I was able to confirm that big difference at the “Off the Record” Roundtable where the specific conditions of the Mexican Startup/VC ecosystem were analyzed.
Inspired by Dave´s “call-it-as-it-is” attitude, my participation was somehow controversial, but hopefully enriched both our visitors and Mexican colleagues with an alternative perspective of the sometimes boring and endless “what-is-missing-from-the-Mexican-ecosystem-for-Internet-Startups” discussion. Some of those concepts were:
- There is a growing number of engineers graduating in Mexico (a larger number than even Brazil), but that does not create automatically entrepreneurs. It´s good to have qualified (and inexpensive) technical resources, but more is needed.
- Engineers are overrated in Mexico (disclosure: I am an engineer myself) and most of the attention in Academic, Government and Startup-related programs and events has focused on them. We need a healthier balance of technically-savvy business guys working together with programmers, as it happens in Silicon Valley.
- Mexican entrepreneurs aim too low. They still have to develop the confidence and ambition to go for the homerun and not for the lifestyle business (even if it has a digital format). I mentioned that it is ironic how Argentina with all its structural, political and long term economic problems, has one of the most vibrant startup ecosystems in Latin America, mainly due to their entrepreneurs’ attitude (there is a joke in Mexico that goes: “the best business you can do is selling an Argentinian for what he/she thinks is worth”). That attitude has given them a few homeruns like Mercado Libre and Patagon, which on turn seeded much of what´s going on there.

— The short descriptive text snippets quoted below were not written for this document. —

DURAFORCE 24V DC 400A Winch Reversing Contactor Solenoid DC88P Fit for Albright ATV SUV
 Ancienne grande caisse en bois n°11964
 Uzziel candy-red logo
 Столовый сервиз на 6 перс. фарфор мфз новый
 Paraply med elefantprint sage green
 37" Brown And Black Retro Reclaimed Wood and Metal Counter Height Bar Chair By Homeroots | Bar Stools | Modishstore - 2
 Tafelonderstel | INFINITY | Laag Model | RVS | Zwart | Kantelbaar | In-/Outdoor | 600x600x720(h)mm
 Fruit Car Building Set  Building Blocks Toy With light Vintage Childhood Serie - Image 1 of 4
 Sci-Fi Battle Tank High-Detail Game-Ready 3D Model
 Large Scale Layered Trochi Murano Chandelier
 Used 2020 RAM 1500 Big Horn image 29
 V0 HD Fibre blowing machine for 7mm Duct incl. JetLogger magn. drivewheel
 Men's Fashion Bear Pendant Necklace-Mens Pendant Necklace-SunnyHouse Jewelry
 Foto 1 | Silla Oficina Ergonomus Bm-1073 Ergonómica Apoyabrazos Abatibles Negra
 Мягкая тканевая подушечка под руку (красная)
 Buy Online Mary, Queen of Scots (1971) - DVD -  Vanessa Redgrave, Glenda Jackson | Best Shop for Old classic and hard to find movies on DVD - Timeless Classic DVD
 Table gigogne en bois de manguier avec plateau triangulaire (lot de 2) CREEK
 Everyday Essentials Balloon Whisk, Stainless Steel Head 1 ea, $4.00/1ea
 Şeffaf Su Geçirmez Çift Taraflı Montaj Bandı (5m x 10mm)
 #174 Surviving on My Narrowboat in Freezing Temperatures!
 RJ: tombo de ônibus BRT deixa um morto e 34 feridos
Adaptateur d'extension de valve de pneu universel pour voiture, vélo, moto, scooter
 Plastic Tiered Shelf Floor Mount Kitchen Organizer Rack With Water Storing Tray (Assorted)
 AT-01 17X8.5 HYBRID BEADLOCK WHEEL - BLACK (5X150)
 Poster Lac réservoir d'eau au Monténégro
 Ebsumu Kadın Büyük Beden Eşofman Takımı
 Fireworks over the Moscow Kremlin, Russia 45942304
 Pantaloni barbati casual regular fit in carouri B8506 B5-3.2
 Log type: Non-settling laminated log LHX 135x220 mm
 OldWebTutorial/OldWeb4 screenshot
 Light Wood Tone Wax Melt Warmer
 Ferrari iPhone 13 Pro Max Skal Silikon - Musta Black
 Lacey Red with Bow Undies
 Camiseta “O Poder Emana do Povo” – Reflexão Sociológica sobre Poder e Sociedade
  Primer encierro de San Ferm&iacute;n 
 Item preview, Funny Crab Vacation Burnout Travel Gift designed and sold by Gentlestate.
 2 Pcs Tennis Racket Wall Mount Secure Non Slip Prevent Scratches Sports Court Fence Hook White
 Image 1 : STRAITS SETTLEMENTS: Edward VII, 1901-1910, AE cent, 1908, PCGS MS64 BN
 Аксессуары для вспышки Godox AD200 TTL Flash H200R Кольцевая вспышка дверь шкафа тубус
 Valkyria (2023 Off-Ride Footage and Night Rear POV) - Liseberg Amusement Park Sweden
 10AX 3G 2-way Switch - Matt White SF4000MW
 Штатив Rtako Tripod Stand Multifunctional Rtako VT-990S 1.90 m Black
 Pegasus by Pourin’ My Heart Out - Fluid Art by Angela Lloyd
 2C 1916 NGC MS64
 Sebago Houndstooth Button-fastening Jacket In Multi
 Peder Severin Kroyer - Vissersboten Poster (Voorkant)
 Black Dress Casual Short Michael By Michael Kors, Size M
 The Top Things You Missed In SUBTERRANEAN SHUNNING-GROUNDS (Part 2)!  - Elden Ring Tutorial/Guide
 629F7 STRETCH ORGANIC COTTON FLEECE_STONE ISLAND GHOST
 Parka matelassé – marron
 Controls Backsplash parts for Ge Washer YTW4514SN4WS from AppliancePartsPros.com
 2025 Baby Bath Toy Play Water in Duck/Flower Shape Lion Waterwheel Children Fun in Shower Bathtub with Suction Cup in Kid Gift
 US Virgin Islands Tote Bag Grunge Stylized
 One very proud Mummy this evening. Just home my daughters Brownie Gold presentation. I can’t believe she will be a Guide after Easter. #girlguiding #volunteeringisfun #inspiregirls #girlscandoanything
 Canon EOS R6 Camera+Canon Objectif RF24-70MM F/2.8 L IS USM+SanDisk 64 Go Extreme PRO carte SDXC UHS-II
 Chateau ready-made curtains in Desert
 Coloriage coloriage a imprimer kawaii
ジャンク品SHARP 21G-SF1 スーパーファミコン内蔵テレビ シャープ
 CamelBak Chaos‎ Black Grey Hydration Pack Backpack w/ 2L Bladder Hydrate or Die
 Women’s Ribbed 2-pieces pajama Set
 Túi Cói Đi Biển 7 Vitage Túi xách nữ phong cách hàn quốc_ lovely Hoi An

- Mexico has no end-to-end seed capital for the first two critical rounds: the incubator round (US$15K) and the post-seed round (US$250K), which normally happen on a continuum. There is an increasing source of funds for “incubator rounds”, as it is a cheap way to enter the game with high rewards, but nobody is automatically following on with the next ticket where the risk and returns are still high (which is what Yuri Milner does for Y Combinator´s graduates with his US$150K convertible note). The few VCs and Angel groups are either to high in the food chain or are too slow and rigid to swiftly pick up the good projects coming out of the increasing number of incubators, accelerators and discovery funds.
- There was a debate whether or not Mexicans were risk averse and I firmly stated that the concept may apply to investors and wealthy families that still look for safe heavens in real estate or franchises, but not to the middle class young entrepreneurs which have learned over the last couple of decades that the corporate world is neither safe or a chance to make a difference. I also commented that at the end of the day, money is fungible and if the Mexican investors don´t get it fast enough, money from abroad will start looking at Mexico as an invesment destination for Internet Startups, given its US$1 Trillion cuasi-monopolistic economy , combined with the US$1 trillion purchasing power of the U.S. Hispanic community (made primarily of people from Mexican-origin).
- Finally I gave a few recommendations to the entrepreneurs coming with the GOAP tour and interested in attacking the Latin American markets:
- Go Mobile first: most of the users (over 71% in Mexico) are accesing Internet services for the first time thru mobile devices, not via desktop or laptops with web interfaces.
- Try to resolve the “consumption platforms” challenges first (online payments, deliveries, distribution) where the biggest rewards reside.
- Exploit your own Latin American market within the U.S.: the Hispanic market that on the one hand follows consumption patterns from Mexico and other Latin countries, but on the other are blended with American trends. It is a difficult market for Americans to understand, but believe me (I spent seven years in the U.S. pursuing that market), it is also difficult for native Latin Americans that also have to do a lot of learning.